# Built-in Data Structures, Functions 

## Data Structures and Sequences
* Primitive data structures (pure, simple values of a data)
 * Integer
 * Float
 * String
 * Boolean
* Non-Primitive Data Structures (store a collection of values in various formats.)
 * List
 * Tuple
 * Dictionary
 * Set, FrozenSet

### Tuple
- Tuples are enclosed in parentheses ()
- Tuples are faster and consume less memory than Lists.
- Immutable

In [None]:
tup = (1, 2, 3)
tup

In [1]:
tup = 4, 5, 6
tup

(4, 5, 6)

In [None]:
nested_tup = (4, 5, 6), (7, 8)
nested_tup

In [None]:
tuple([4, 0, 2])

In [None]:
tup = tuple('string')
tup

In [None]:
tup[0]

In [None]:
tup = tuple(['foo', [1, 2], True])
tup[2] = False

In [None]:
tup[1].append(3)

In [None]:
tup

In [None]:
(4, None, 'foo') + (6, 0) + ('bar',)

In [None]:
('foo', 'bar') * 4

#### Unpacking tuples

In [None]:
tup = (4, 5, 6)
a, b, c = tup
b

In [None]:
tup = 4, 5, (6, 7)
a, b, (c, d) = tup
d

In [None]:
b

In [None]:
tmp = a
a = b
b = tmp

In [None]:
a, b = 1, 2
a
b
b, a = a, b
a
b

#### Excercise: Complete the following code by adding sum of all three numbers as the last element of the printout 

#### Desired output

### Unpacking (advanced)

In [None]:
values = 1, 2, 3, 4, 5
a, b, *rest = values
a, b

In [None]:
rest

In [None]:
a, b, *_ = values # Underscore for ignoring the specific values. (so-called “I don’t care”)

In [None]:
_

#### Tuple methods

index()	Searches the tuple for a specified value and returns the position of where it was found

In [None]:
a = (42, 18, 19, 15)

In [None]:
a.index(19)

count()	Returns the number of times a specified value occurs in a tuple

In [None]:
a = (1, 2, 2, 2, 3, 4, 2)
a.count(2)

### List
- Lists are enclosed in square brackets []
- Mutable

In [None]:
a_list = [2, 3, 7, None]
a_list

In [None]:
tup = ('foo', 'bar', 'baz')
b_list = list(tup)
b_list

In [None]:
b_list[1] = 'peekaboo'
b_list

In [None]:
gen = range(1000)
list(gen)

#### Adding and removing elements

The list methods make it very easy to use a list as a **stack**, where the last element added is the first element retrieved (“last-in, first-out”).
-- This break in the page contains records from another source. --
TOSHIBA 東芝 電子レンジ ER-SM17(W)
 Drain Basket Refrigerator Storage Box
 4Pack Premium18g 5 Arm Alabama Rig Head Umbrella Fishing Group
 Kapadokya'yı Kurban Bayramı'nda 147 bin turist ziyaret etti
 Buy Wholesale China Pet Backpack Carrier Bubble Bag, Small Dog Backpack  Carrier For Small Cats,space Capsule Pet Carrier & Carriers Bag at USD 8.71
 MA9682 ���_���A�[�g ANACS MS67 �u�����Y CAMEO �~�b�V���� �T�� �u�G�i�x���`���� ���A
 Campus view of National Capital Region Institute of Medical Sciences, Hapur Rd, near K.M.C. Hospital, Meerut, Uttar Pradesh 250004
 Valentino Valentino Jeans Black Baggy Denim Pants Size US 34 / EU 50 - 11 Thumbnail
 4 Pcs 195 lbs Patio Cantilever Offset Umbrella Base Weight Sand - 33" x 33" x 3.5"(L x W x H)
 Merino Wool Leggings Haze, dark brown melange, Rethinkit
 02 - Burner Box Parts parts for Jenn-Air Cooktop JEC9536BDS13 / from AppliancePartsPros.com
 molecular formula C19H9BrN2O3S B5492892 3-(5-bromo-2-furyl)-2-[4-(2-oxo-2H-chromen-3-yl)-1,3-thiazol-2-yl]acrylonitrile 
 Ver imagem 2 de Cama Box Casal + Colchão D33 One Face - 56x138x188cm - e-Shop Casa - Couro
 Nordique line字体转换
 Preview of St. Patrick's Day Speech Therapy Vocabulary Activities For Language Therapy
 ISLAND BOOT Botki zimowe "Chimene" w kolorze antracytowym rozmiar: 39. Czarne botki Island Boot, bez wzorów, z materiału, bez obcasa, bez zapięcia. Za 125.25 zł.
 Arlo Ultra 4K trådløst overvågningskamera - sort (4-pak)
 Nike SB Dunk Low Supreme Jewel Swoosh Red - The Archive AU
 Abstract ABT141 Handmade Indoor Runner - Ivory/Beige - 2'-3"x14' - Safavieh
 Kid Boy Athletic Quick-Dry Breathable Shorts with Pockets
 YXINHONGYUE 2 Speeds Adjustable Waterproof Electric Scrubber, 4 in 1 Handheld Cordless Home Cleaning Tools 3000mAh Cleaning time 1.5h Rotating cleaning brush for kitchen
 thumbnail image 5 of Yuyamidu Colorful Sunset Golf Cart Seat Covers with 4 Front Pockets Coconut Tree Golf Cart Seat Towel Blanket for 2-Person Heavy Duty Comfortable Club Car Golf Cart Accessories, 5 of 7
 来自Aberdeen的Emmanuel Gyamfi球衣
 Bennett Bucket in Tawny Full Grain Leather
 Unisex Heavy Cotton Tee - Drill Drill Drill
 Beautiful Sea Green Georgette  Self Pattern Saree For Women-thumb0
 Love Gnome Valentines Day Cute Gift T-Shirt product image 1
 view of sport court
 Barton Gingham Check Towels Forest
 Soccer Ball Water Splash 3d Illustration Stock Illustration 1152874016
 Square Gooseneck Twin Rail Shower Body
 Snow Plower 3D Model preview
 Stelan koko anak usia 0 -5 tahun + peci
To add an item to the top of the stack, use append(). To retrieve an item from the top of the stack, use pop() without an explicit index.

It is also possible to use a list as a **queue**, where the first element added is the first element retrieved (“first-in, first-out”); however, lists are not efficient for this purpose. While appends and pops from the end of list are fast, doing inserts or pops from the beginning of a list is slow (because all of the other elements have to be shifted by one).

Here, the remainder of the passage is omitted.